Commissioner James Danly Statement
June 17, 2021
Docket No. QF17-454-007
Item E-6
The Commission’s order today upholds its prior ruling[1] that Broadview Solar, LLC’s (Broadview) facility satisfies the statutory 80 MW power production capacity limit even though Broadview’s own Form 556 filing shows that the facility has a power production capacity of approximately 155 MW.[2] I dissent from the central holding in today’s order that the actual power production capacity of Broadview’s facility is irrelevant because the facility is designed so as to be capable of delivering no more than 80 MW to the point of interconnection at any particular time. As I explained in my dissent to the March 2021 Order, not a single word of the Commission’s “for-delivery-to-the-utility” standard, which was adopted in the March 2021 Order, appears anywhere in the text of the Public Utility Regulatory Policies Act of 1978 (PURPA) establishing the 80 MW power production capacity limit.[3] As I explained in my dissent to the March 2021 Order, not a single word of the Commission’s “for-delivery-to-the-utility” standard, which was adopted in the March 2021 Order, appears anywhere in the text of the Public Utility Regulatory Policies Act of 1978 (PURPA) establishing the 80 MW power production capacity limit.[4] Nor, as I also explained, does this standard find any support in the Commission’s regulations or precedent.[5] Nothing in today’s order causes me to revise my opinion on these issues.

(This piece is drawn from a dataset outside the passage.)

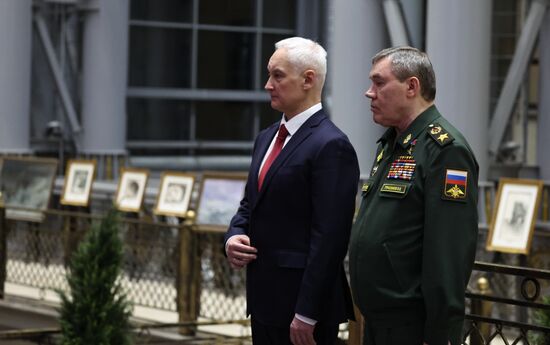 Russia Putin Defence Ministry Board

I do, however, agree with the Commission’s rejection of NorthWestern Corporation’s argument that Broadview’s 50 MW battery storage system must be considered part of the Broadview facility’s power production capacity,[6] albeit for somewhat different reasons. In my view, batteries (and other storage systems) cannot be included in determining the “power production capacity” of a facility because, by definition, batteries (and other storage systems) do not “produce” power but simply store it for delivery at a later time. There is no more support in the statutory language of PURPA for Northwestern’s position that batteries must be included in a facility’s power production capacity than there is in the Commission’s position that it is a facility’s delivery capability, and not its actual power production capacity, that counts towards the statutory 80 MW limit.
For these reasons, I respectfully concur in part and dissent in part.
[1] See Broadview Solar, LLC, 174 FERC ¶ 61,199 (2021) (March 2021 Order).
[2] See id. (Danly, Comm’r, dissenting at P 4).
[3] Id. (Danly, Comm’r, dissenting at P 9).
[4] Id. (Danly, Comm’r, dissenting at P 9).
[5] See id. (Danly, Comm’r, dissenting at P 1).
[6] See Broadview Solar, LLC, 175 FERC ¶ 61,228, at PP 31-34 (2021).